- Abbreviation: NM
- Leader: Vladan Glišić
- Founder: Vladan Glišić
- Founded: 3 November 2015
- Split from: Dveri
- Ideology: Serbian nationalism Social conservatism Hard Euroscepticism
- Political position: Right-wing to far-right
- National affiliation: SPAS (2018-2020), NM–SSZ (since 2021)
- Colours: Red Blue Light blue White
- National Assembly: 0 / 250

Website
- narodnamreza.com

= National Network (Serbia) =

Political organization in Serbia

The National Network (Народна мрежа; NM) is a political organization created by Vladan Glišić after leaving the Dveri movement.
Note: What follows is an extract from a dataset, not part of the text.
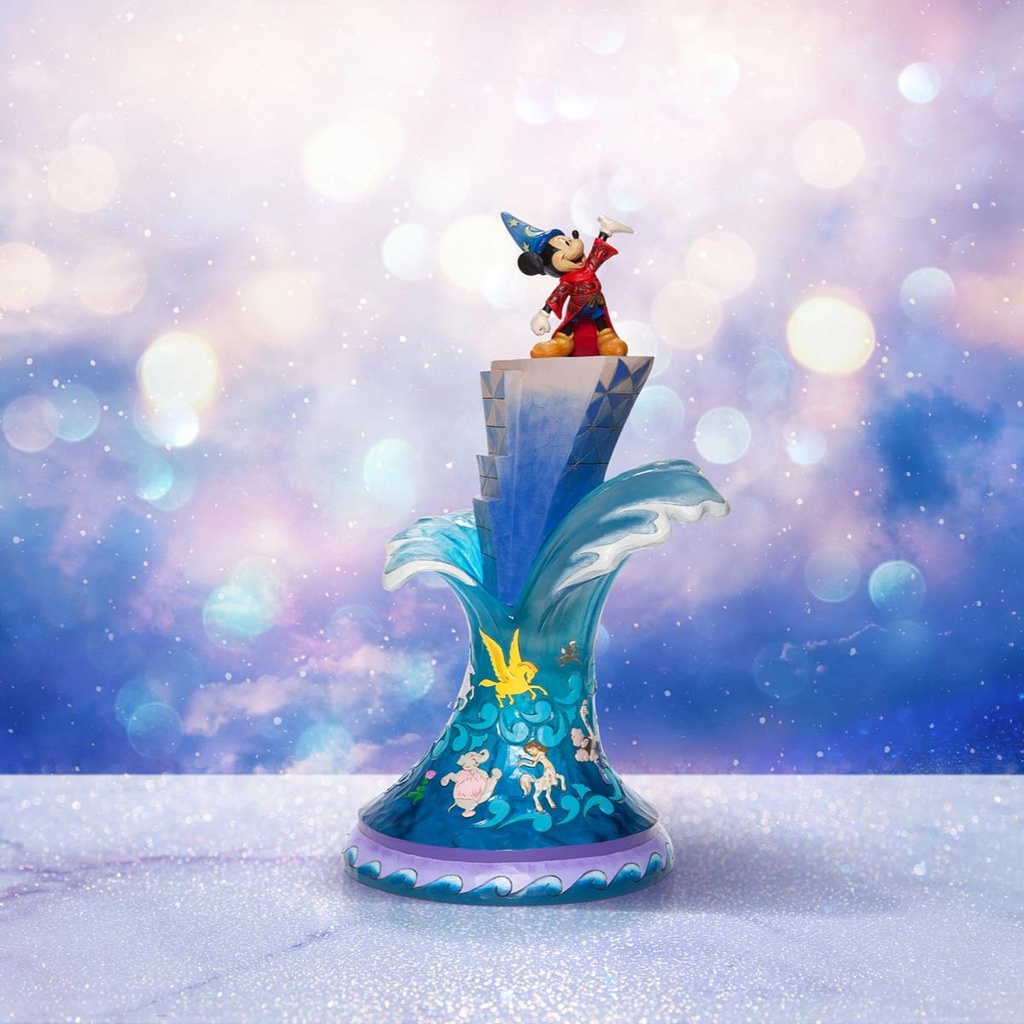 Jim Shore Disney Traditions: Sorcerer Mickey Mouse "Summit of Imagination" Figurine 20.3cm (#6007053)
In 2018–2020, the organization was affiliated with the Serbian Patriotic Alliance.

The movement took part in the 2016 parliamentary election as part of the National Alliance coalition, but gained only 0.46% of the vote and did not enter to parliament.
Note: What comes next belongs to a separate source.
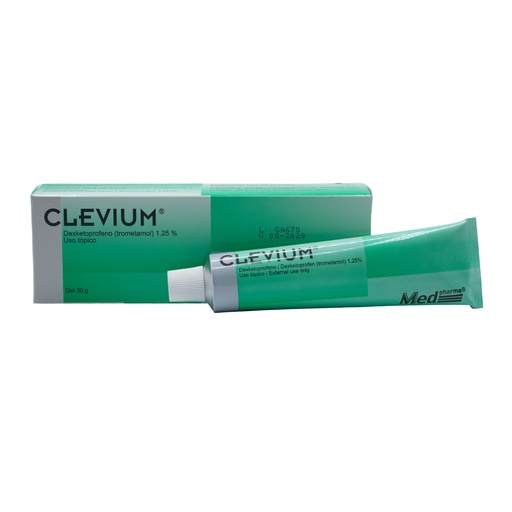 [LB-104-052-N-0069] CLEVIUM 1.25% GEL * 30 GRAMOS (DEXKETOPROFENO) MEDPHARMA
The movement opposes the government of Aleksandar Vucic, and calls for the creation of a united pre-election opposition front.

At the end of 2020, the movement planned to take part in the creation of a broad right-wing coalition of the Serbian opposition, along with the POKS, DSS and SSZ, however, the idea of a coalition is thrown out and the DSS has formed its own coalition with the POKS, called National Democratic Alternative.

National Network signed a cooperation agreement with the far-right Serbian Party Oathkeepers in February 2021.